In 1924 it was discovered that the chap was Stanley Baldwin who was by then PM. One commenter said that Baldwin may have regretted his action because later in life he was a bit pinched for cash. Someone else said that Baldwin had paid financial support to some of the workers his business had had to lay off.

I suspect that spending income on former employees and gifting capital to the Treasury might well result in feeling pinched. Still, they don't make 'em like that any more.

jim said...

Feeling hard-up? roll up your sleeves, spit on your hands and write a symphony, or a Potter novel, or scribble some FinTech code. Simples.

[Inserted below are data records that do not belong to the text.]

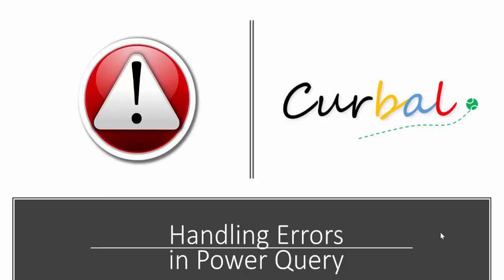Hello and good evening, this is Ruth Basuelo from Curval.com and in today's video we're going to talk about how to manage errors in Power Query. I will show you different ways to do it and then you can apply the best for you. Let's begin!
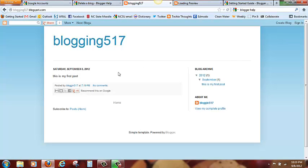And this is how it looks, blogging517, this is my first post. And that's all there is to it.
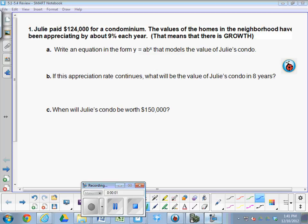Okay, we're on the 5.1 to 5.4 review. Number one, Julie paid $124,000 for a condo. The values of the homes in this neighborhood have been appreciating. That means they're rising.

Sure, the rich should be taxed, and so should corporations - but how and how much. Then we might consider the >10,000 people employed? in the UK Cabinet Office. WTF do they do for their corn? BTW, not a rant against the public sector - we need that - badly - but >10k in the Cabinet Office?

Anyway, trivial against the real earthquake. The world seems to be splitting between the US axis and the China/Asia axis with Europe having no energy and shortly no economy. Both sides are cornering the traditional technologies, cars, semicon, pharma and employment opportunities. Meanwhile BASF is running out of feedstock. Fairly soon there will be no wealthy in Europe to tax - humans or corporations. That's serious.

Now just figure out how to beat Mr Putin. So we lose a city or two, but we could use a bit of population loss. Optimising the loss/gain should be what our planners are working on over Christmas.

Anonymous said...


Presumably not a city that is close to you ?

Anonymous said...

How do you put the true value on a house until someone has agreed a price to buy it?

The inside of my house may resemble a squatters crack-den or high-end hotel, both of which could drastically alter the value of the asset and therefore my wealth.

Would they get an army of inspectors to force themselves into everyone homes so they can value them?

E-K said...

Anonymous @ 10.36

The value of the house is also determined by how many of them are for sale in that vicinity at the time of valuation.

Our whole economy is valued on the rate of release to market of housing stock... when a punitive (redistributive) tax causes a rush of impoverished householders to sell at the same time... then is when we find out that our economy is pure fluff.

E-K said...

We can't 'beat' Putin.

He may well lose but so will we. So that Ukraine may join the EU while the EU annexes part of our country and makes us a vassal state.

Why was Boris so energetic in Ukraine ? Was it really about democracy ?

Bloke in Callao said...

'Would they get an army of inspectors to force themselves into everyone homes so they can value them?'

Yes, they probably would.

rwendland said...

> "but >10k in the Cabinet Office?"

Most of these are only nominally in the Cabinet Office, ie civil servants for some reason not clearly in a department. eg all the Fasttrack new-grad SCS trainees are all listed in the Cabinet Office while for 3 years they spend their 6 & 12 month stints in various departments and agencies. I expect you'd have to dive deeply into the statistics to work out how many of them are near Downing Street.